#### Recorded information
================
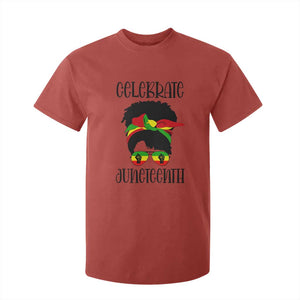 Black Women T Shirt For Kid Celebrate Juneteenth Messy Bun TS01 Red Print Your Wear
================
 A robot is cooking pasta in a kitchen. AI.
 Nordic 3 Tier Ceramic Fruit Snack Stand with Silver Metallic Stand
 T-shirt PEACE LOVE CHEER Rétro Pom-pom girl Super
================
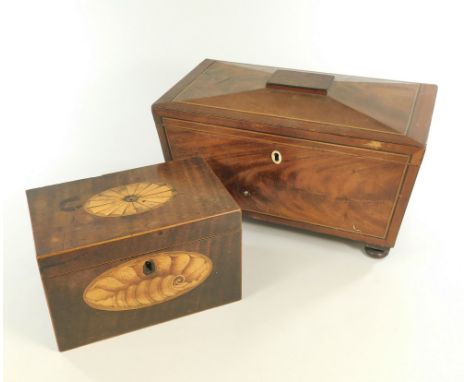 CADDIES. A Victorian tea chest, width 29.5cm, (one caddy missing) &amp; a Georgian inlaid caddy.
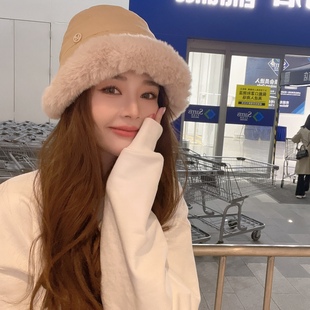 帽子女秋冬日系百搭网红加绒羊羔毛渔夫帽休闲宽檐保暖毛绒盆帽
================
#### What the task requires
The material above holds pictures; leave them out and set down exactly the lines from the line with "CADDIES. A Victorian" to the line with "帽子女秋冬日系百搭网红加绒羊羔毛渔夫帽休闲宽檐保暖毛绒盆帽", both included.

#### Expected answer
 CADDIES. A Victorian tea chest, width 29.5cm, (one caddy missing) &amp; a Georgian inlaid caddy.
 帽子女秋冬日系百搭网红加绒羊羔毛渔夫帽休闲宽檐保暖毛绒盆帽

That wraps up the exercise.